The CTI Vault serves as an extensible knowledge base, providing access for domain experts to the threat intelligence information, which can be seen as a notion of explicit knowledge. It represents a structured data storage for gathering captured incident data, which originate from individual files in JSON format. It serves as a technical foundation for storing incident information and additional domain expert knowledge, such as perceived similarities, differences and relationships between the different incidents.

Due to the dynamic data structures of STIX, the storage needs to provide capabilities for persisting data in a way that allows the integration of arbitrary relationships between the stored entities. Another essential requirement for the data storage is to assure integrity for the captured incident information. This is of special importance as the threat intelligence information could serve as piece of evidence in possible subsequent court cases. Therefore, it has to be ensured that interactions with domain experts will not distort any of the captured data, while preserving capabilities for enriching the captured data with additional information simultaneously.

To achieve these requirements, a differentiation between inventory data and appended data has to be made within the data storage. The inventory data, which represents the data foundation for incident information, describes all data that has been captured within an incident. The threat information contained in the stored entities as well as their relationships may not be changed after their initial storage and can consequently be considered constant. Therefore, this data has to be read-only. However, this is different for the use of appended data. These entities may be inserted, altered and deleted at any time and are intended to be connected with inventory data. Whenever information is edited, it has to be ensured that none of the operations performed on appended entities will influence the integrity of the inventory data.

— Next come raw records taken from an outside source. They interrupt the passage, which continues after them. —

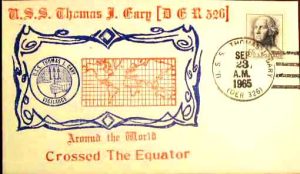 USS Thomas J Garg history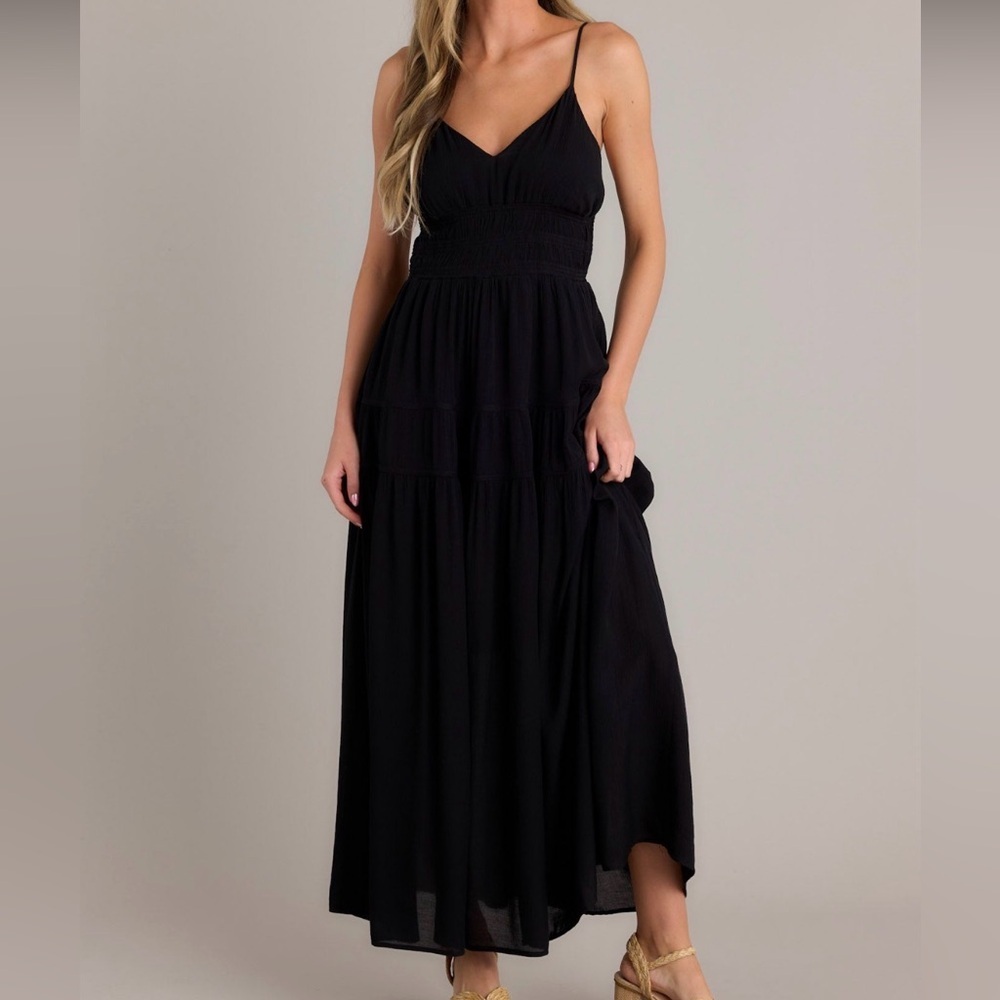 SALE💥GaryGraham422 Limited Release! Black Cotton Maxi Dress – Size Small NEW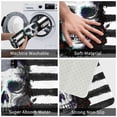 thumbnail image 4 of Daiia Watercolor Skull Front Door Mat, Heavy Duty Durable Welcome Mat for Outdoor Indoor, Dirt Trapper Waterproof Super Absorbent Door Mat, 16" x 24", 4 of 9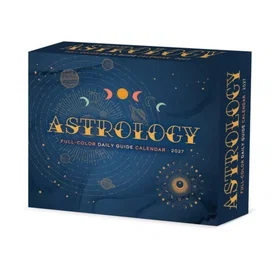 Astrology Full Color Daily Guide Calendar 2027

The proposed concept is influenced both by the defined data structures within the STIX specification and the requirements for an interaction of domain experts with these data structures. However, the base requirement for the concept is the alignment to the STIX specification, to ensure the compatibility with the STIX data structures. This preserves the ability to exchange threat information with any endpoint compatible to STIX. Considering the requirements defined above, we firstly introduce an approach for persisting inventory data. This will be achieved by mapping the data available in the STIX data format, into a database representation.

The concept is subsequently extended by an approach for enriching the inventory data with appended data allowing the association of threat information to domain expert knowledge. Summarizing, the concept for handling complex threat intelligence data is based on the following two requirements, which will be specified in more detail afterwards.

• R1.1 - Structured storage for threat intelligence data: The collected data is stored in a structured way within a graph database as inventory data. The data storage has to be aligned to the STIX specification, allowing arbitrary relationships between the stored entities.

• R1.2 - Integrity-proof storage and enrichment of persisted data: A further requirement for the storage of threat intelligence data is to guarantee data integrity from insert operations onward. Moreover, subsequent update operations of the inventory data must not endanger its integrity. Therefore, it is mandatory to introduce a provenance process for every performed enrichment.

R1.1 - structured storage for threat intelligence data

To realize a concept of storing inventory data into the database, it is necessary to take a closer look at the STIX specification as well as to consider possibilities for the representation within a graph database.

The specification of STIX defines SDOs for the representation of threat intelligence information on the one hand and SROs defining relations between domain objects on the other hand. Both SDO and SRO are specified as stand-alone objects in STIX that allow to store multiple properties. According to the specification, SRO objects represent the relationships within the model by holding additional properties pointing to a source and target reference, each of which has to be a SDO. The combination of SDOs and SROs builds a directed graph, in which the first ones represent graph node objects and the latter ones represent edges connecting these nodes.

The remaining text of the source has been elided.